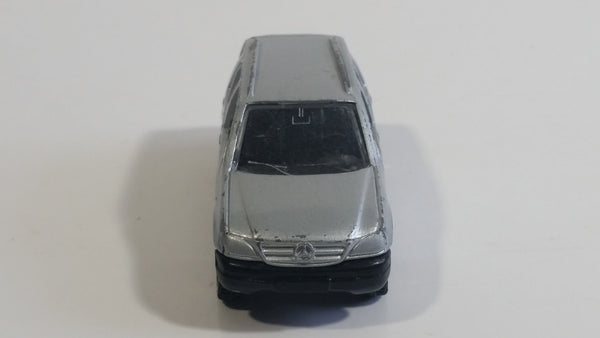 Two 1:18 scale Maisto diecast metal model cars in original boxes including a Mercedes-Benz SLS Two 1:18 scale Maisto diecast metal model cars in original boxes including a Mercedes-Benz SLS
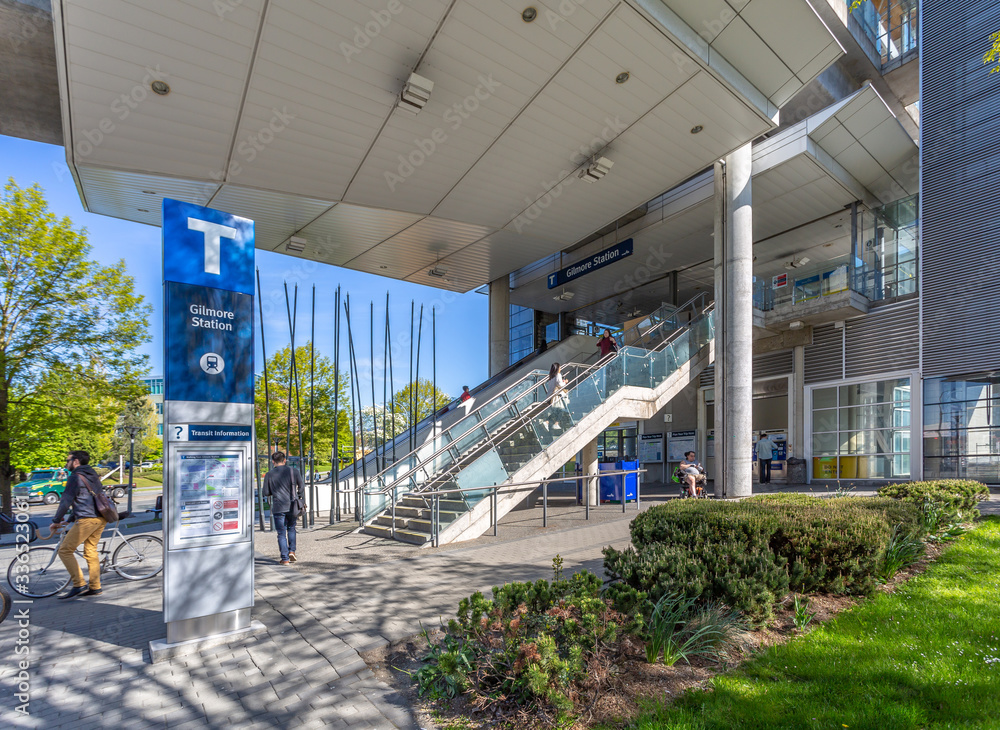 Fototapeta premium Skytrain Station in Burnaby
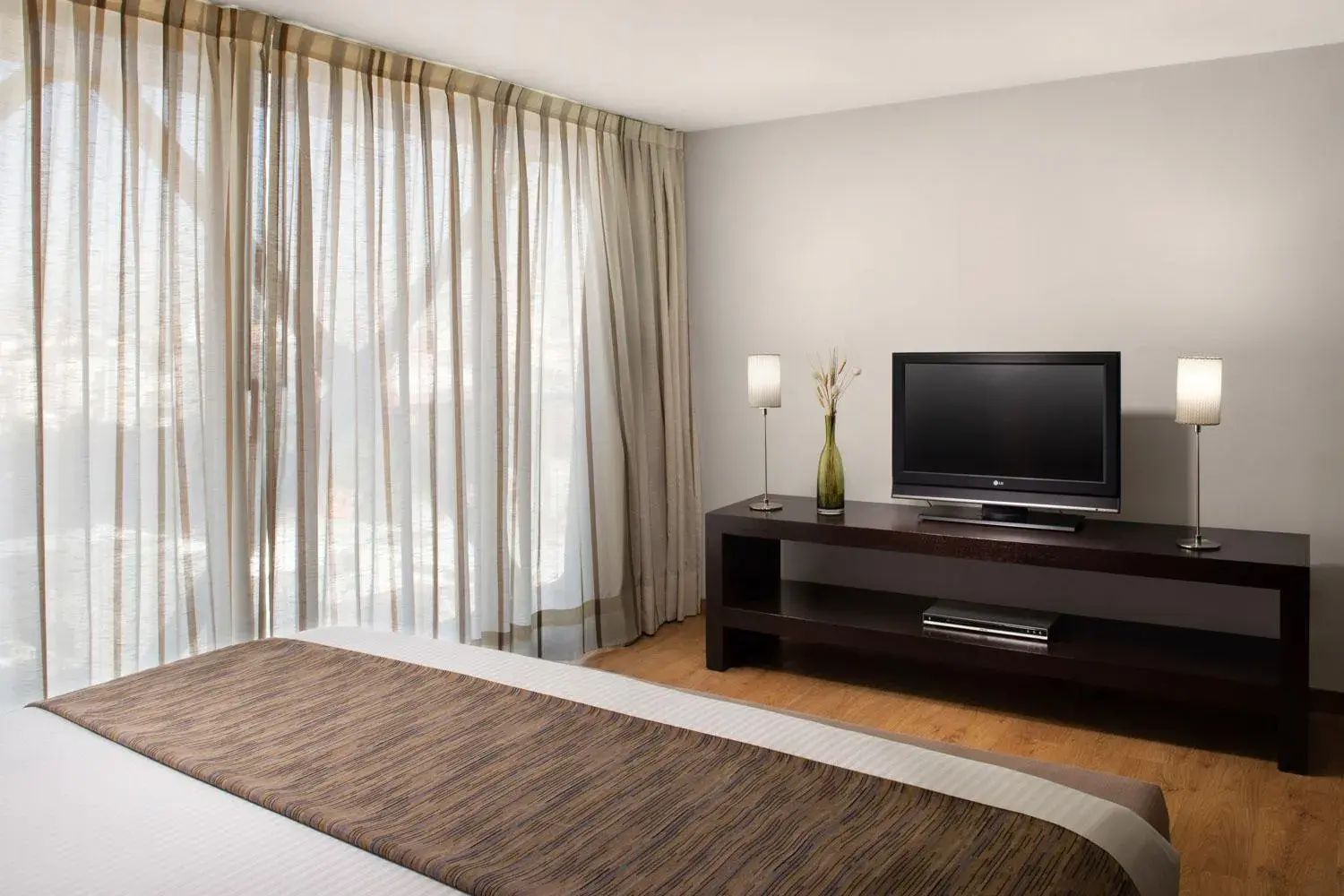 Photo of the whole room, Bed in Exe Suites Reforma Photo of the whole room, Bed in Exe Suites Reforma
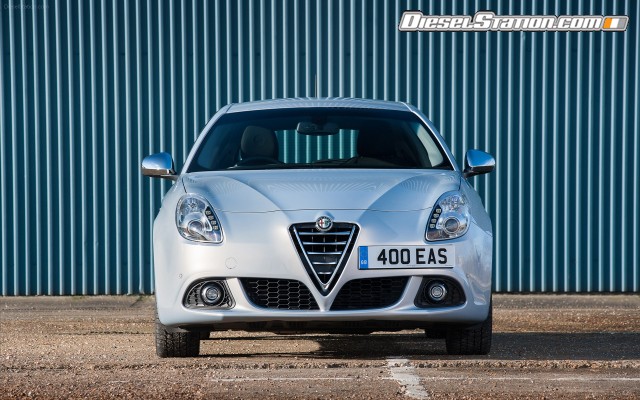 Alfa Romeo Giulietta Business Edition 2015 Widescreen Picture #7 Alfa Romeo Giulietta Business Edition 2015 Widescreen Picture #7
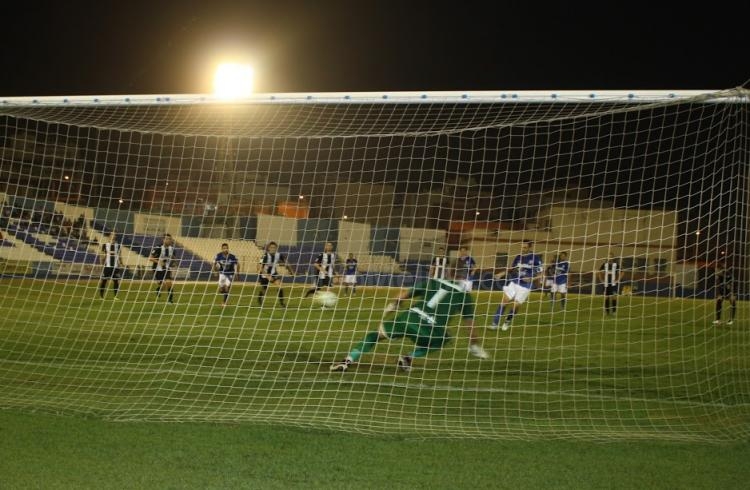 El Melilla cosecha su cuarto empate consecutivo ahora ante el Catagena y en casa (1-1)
_ _ _ _ _ _ _
▶ _What you have to do_
Go back to the line containing "Fototapeta premium Skytrain" and output it and every line after it through the end of the records, exactly, but not the pictures.

▶ _Solution for this task_
 Fototapeta premium Skytrain Station in Burnaby
 Photo of the whole room, Bed in Exe Suites Reforma Photo of the whole room, Bed in Exe Suites Reforma
 Alfa Romeo Giulietta Business Edition 2015 Widescreen Picture #7 Alfa Romeo Giulietta Business Edition 2015 Widescreen Picture #7
 El Melilla cosecha su cuarto empate consecutivo ahora ante el Catagena y en casa (1-1)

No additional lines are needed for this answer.